Obama is showing just how little he cares about the Fourth Amendment once again. He is urging Congress not to pass legislation that keeps federal eyes off e-mails and other electronic documents and files stored in this imaginary cloud that is the computing term of the year.
From Wired:
As the law stands now, the authorities may obtain cloud e-mail without a warrant if it is older than 180 days, thanks to the Electronic Communications Privacy Act adopted in 1986. At that time, e-mail left on a third-party server for six months was considered to be abandoned, and thus enjoyed less privacy protection. However, the law demands warrants for the authorities to seize e-mail from a person’s hard drive.
A coalition of internet service providers and other groups, known as Digital Due Process, has lobbied for an update to the law to treat both cloud- and home-stored e-mail the same, and thus require a probable-cause warrant for access. The Senate Judiciary Committee held a hearing on that topic Tuesday.
The companies — including Google, AOL and AT&T — maintain that the law should be changed to reflect that consumers increasingly access their e-mail on servers, instead of downloading it to their hard drives, as a matter of course.

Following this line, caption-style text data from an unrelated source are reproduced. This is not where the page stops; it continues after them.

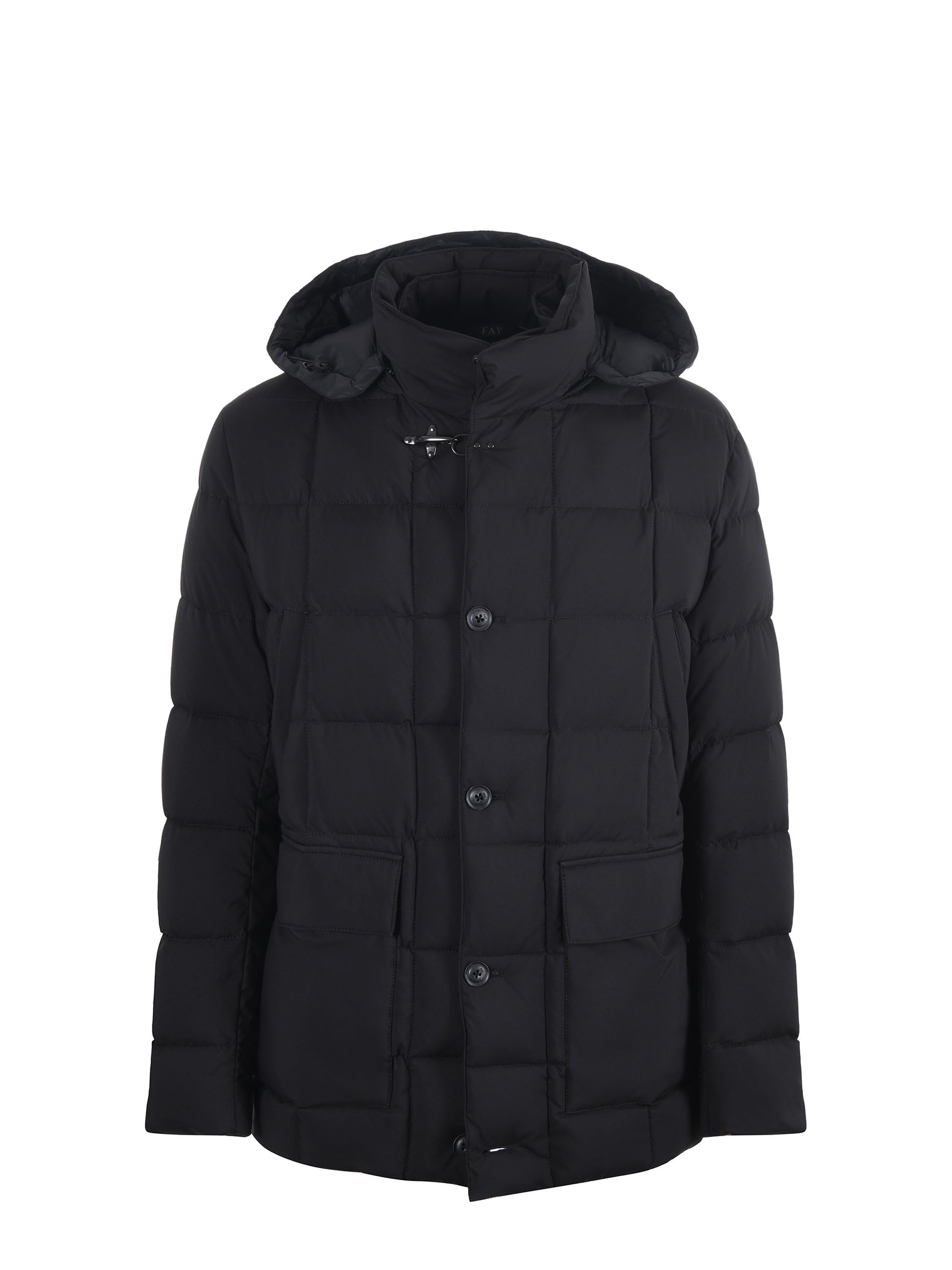 Piumino Fay "double front" 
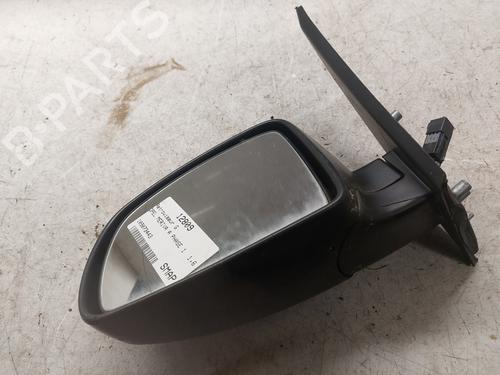Außenspiegel links für OPEL MERIVA A MPV (X03) 1.6 16V (E75) (100 hp) 27398223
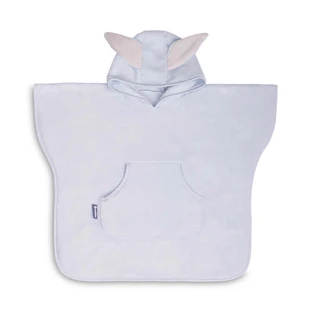 Bad Poncho - Blauw Sensillo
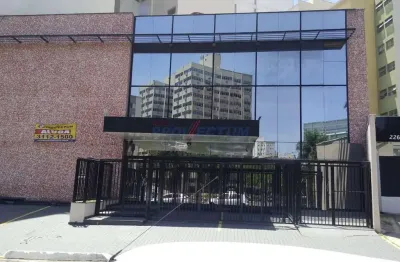 Prédio para alugar na rua avelino amaral, 32, jardim paraíso, campinas, 550 m2 por r$ 24.000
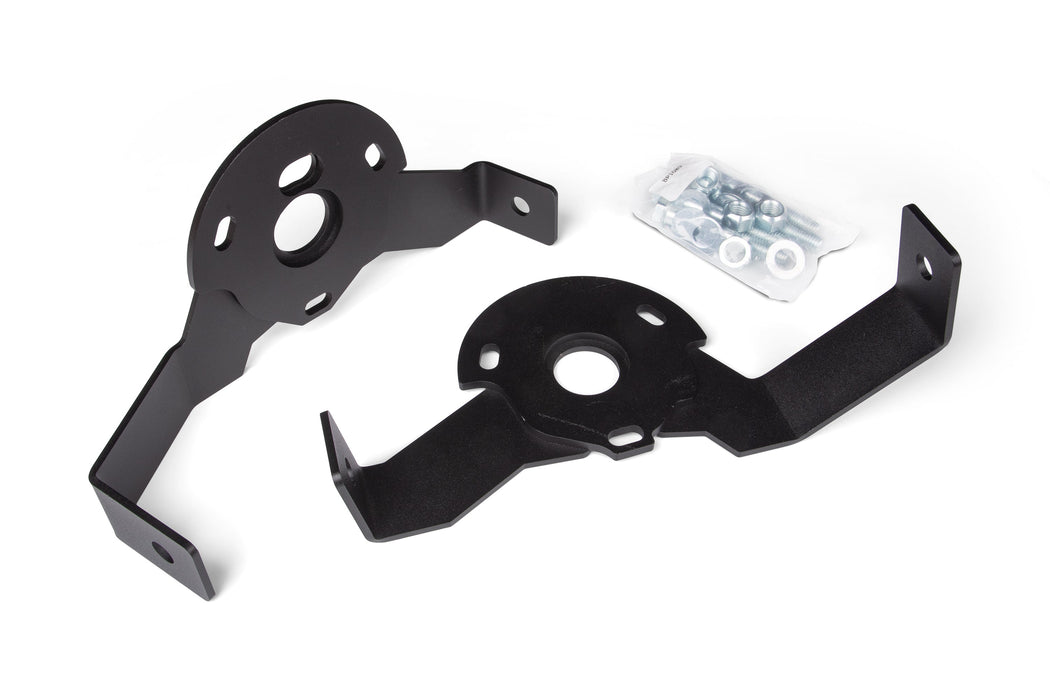 Dual Shear Upper Control Arm Mount | Chevy Silverado Or GMC Silverado (19-26)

But the Obama administration testified that imposing constitutional safeguards on e-mail stored in the cloud would be an unnecessary burden on the government. Probable-cause warrants would only get in the government’s way.

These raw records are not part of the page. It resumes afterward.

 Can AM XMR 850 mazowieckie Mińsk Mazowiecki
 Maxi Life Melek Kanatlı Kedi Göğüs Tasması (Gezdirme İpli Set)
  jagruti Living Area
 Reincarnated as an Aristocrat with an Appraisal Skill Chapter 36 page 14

Now remember, this isn't the first time Obama has spit on the Fourth Amendment. You may remember Obama pushing for the right of the federal government to track Americans using their cell phones, claiming you give up all rights to privacy when you use a cell phone, and Obama also fought for legal immunity in wire tapping cases. Now he wants more power to read your e-mails and know what documents you are sending over the Internet.